#### SUPPLIED ENTRIES ####

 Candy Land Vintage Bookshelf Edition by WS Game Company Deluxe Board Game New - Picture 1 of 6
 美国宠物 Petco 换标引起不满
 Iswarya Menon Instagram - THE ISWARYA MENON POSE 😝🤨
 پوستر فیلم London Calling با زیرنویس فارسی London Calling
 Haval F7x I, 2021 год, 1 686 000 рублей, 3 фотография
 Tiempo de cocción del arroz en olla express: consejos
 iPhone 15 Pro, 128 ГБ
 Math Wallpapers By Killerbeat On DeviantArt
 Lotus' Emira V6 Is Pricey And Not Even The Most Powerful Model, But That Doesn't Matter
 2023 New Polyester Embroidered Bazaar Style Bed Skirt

####

§ **TASK BRIEF**
Once the line with "Tiempo de cocción" is located in the data above, repeat it and every later line through the end, exactly.

§ **TASK SOLUTION**
 Tiempo de cocción del arroz en olla express: consejos
 iPhone 15 Pro, 128 ГБ
 Math Wallpapers By Killerbeat On DeviantArt
 Lotus' Emira V6 Is Pricey And Not Even The Most Powerful Model, But That Doesn't Matter
 2023 New Polyester Embroidered Bazaar Style Bed Skirt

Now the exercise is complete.